Short answer: Automation can verify structure — presence of alt text, label associations, contrast ratios, ARIA syntax — but it cannot evaluate meaning. Whether alt text is meaningful, whether the reading order makes sense, and whether a custom widget is usable with a screen reader all require human judgment.

Detail

The 30-40% figure comes from research by WebAIM and Deque. Automated tools like axe-core evaluate rules that have deterministic answers: is this contrast ratio above 4.5:1? Is this input labelled? Does this element have a valid role? These checks pass or fail without needing to understand the content.

What automation cannot evaluate:

  • Alt text quality: an image of a customer signing a contract with alt text "image123" passes the axe check (alt attribute is present and non-empty) but is meaningless to a screen reader user.
  • Keyboard interaction flow: axe can check that elements are focusable, but it can't verify whether the Tab order makes logical sense, whether arrow key navigation within a custom widget behaves correctly, or whether focus is returned to the right place after closing a modal.
  • Screen reader announcement quality: axe can verify that a button has an accessible name, but it can't determine whether that name is clear, distinct from other buttons, and contextually meaningful.
  • Reading order: the visual layout and the DOM order may diverge — visually logical but confusing when read linearly. Automated tools rarely catch this.
  • Cognitive accessibility: plain language, clear instructions, consistent navigation patterns. These require human judgment about meaning, not structure.

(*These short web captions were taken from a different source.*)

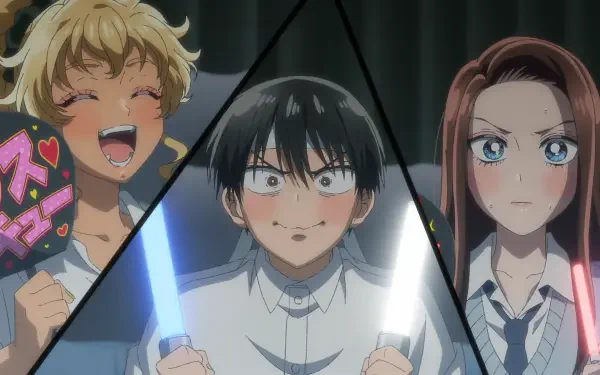 HD PC wallpaper of anime Gals Can't Be Kind to Otaku!? featuring Kotoko Ijichi, Kei Amane and Takuya Seo in a triangular split with glowing light sticks and lively expressions.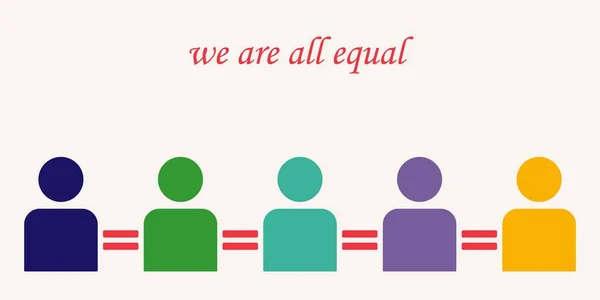 Všichni Lidé Jsou Rovni Mají Stejná Práva Povinnosti Právo Rovnost — Stockový vektor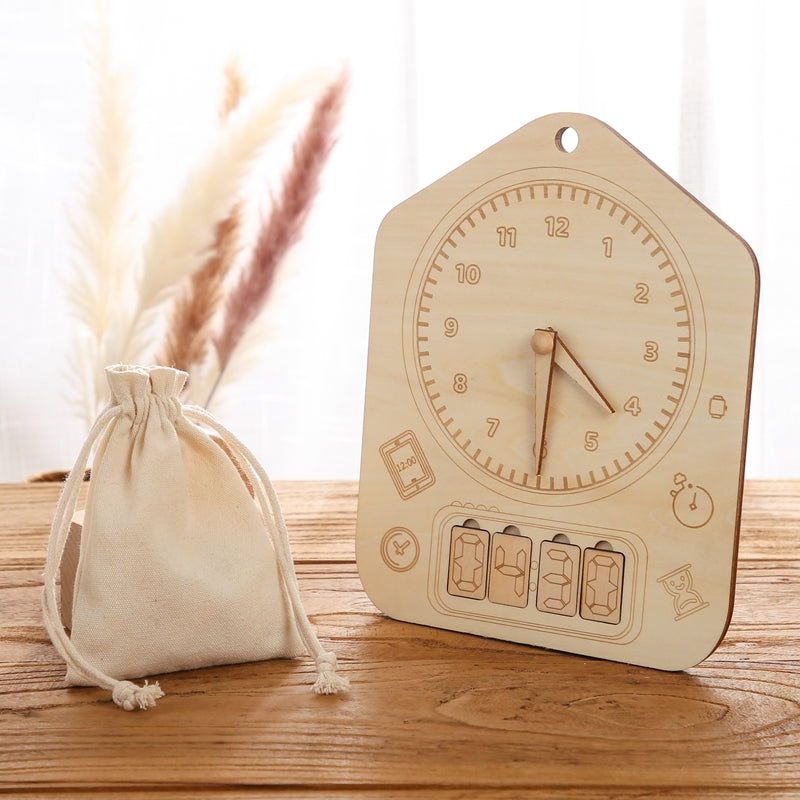 Wood Clock Toy - MamimamiHome Baby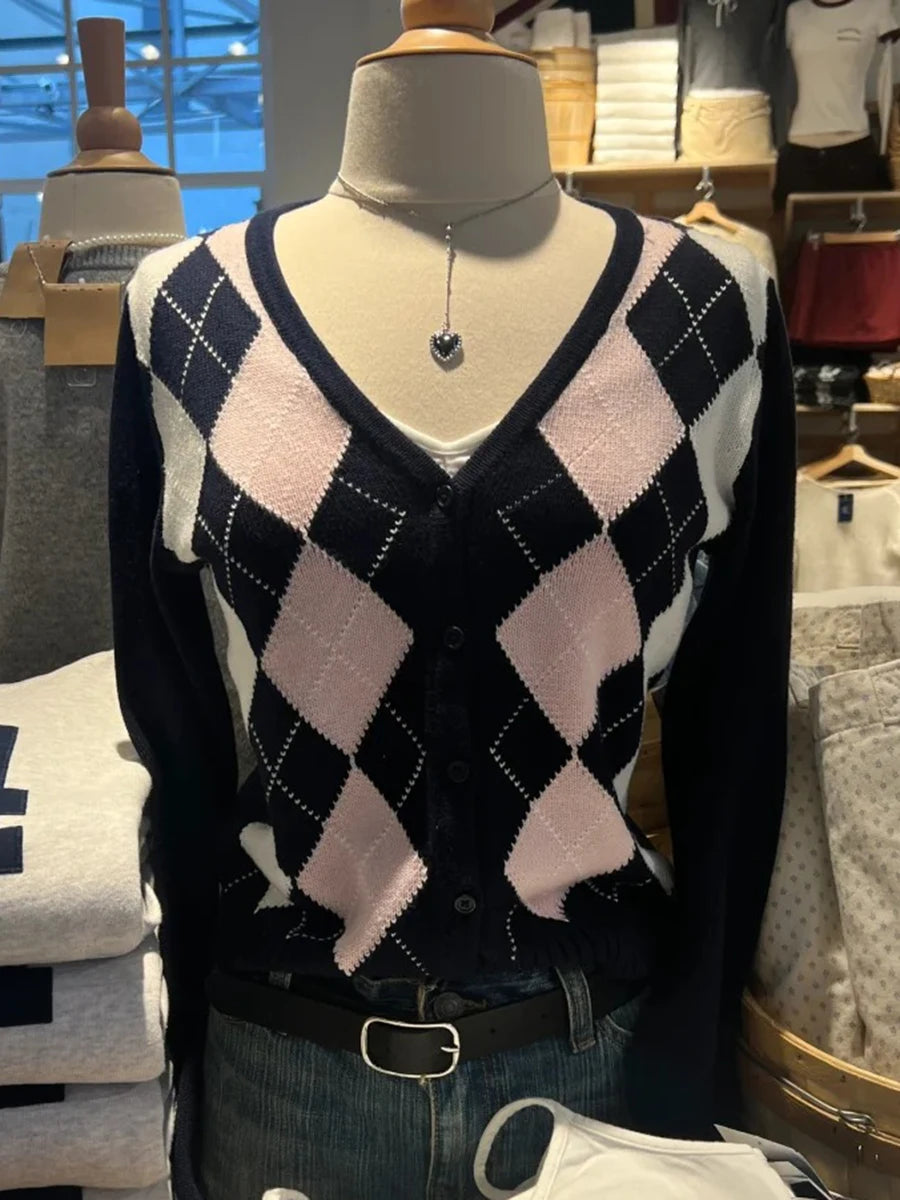 Diamond Jacquard Button Sweater Coat Women Autumn New Casual Slim Cotton O-neck Casual Jumper Tops Sweet Preppy Style Cardigan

The right way to present this in an interview: automated testing is a regression net — it catches regressions in structural accessibility. It is not a substitute for a manual audit, keyboard testing, and screen reader testing.

// WHAT INTERVIEWERS LOOK FOR

Can articulate the 'structure vs meaning' distinction and give specific examples of each type of issue that automation misses. Presents automation as a regression net, not a compliance tool.